SpeakerCraft MODE Multiroom Audio System Page 4
Browsing a Pod via MODE is nearly identical to having it in your hand, with tunes neatly sorted by Playlist, Artist, Album, Genre, and so on. The only option unavailable was "Podcasts," and SpeakerCraft says this will likely be included by the time you read this. Also, MODE extracts only your Pod's music, so don't get any crazy ideas about watching videos or photos stored on it. Overall, MODE was very easy to use - certainly easy enough for the whole family - and worked flawlessly.
At the speaker end, the system blasted out the tunes, playing notably loud and clear - a big surprise given the modest specifications and heft of the MZC's amplifier. Only at very extreme volumes did the audio start to sound strained, though, even out by my swimming pool, I never had to run the system wide open. And each zone had independent bass and treble adjustments, which really help fine-tune the sound of in-wall/ceiling speakers.

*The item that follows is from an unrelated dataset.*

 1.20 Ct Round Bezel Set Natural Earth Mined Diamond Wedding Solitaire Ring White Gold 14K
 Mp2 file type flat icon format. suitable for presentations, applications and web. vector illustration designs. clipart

Excellent performance aside, I should note for the record that I detected a slight buzz (similar to ground-loop noise) while listening via the Base, through both the iPod and an XM satellite tuner connected to the minijack input. Speakercraft helped trace the problem to our receiving an early sample of the MODE adapter, which was reengineered before production to eliminate a line-noise problem. Although our deadline prevented us from testing a second sample in time for print, we're told this isn't an issue for units in the field.

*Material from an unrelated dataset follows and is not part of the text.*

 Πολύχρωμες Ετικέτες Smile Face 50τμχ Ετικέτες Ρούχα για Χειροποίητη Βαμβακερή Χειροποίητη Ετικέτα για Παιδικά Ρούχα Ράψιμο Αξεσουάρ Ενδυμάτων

BOTTOM LINE SpeakerCraft has done what many manufacturers won't: It's added a host of killer new features to an existing system. And the company did it without any performance compromises. The MZC-66 starts out as the capable backbone of a fully distributed audio/video system. Modernized with the affordable new MODE 3.1 controllers and iPod components, it puts full control over thousands of tunes at your fingertips, and successfully catapults SpeakerCraft's multiroom offerings to the next level.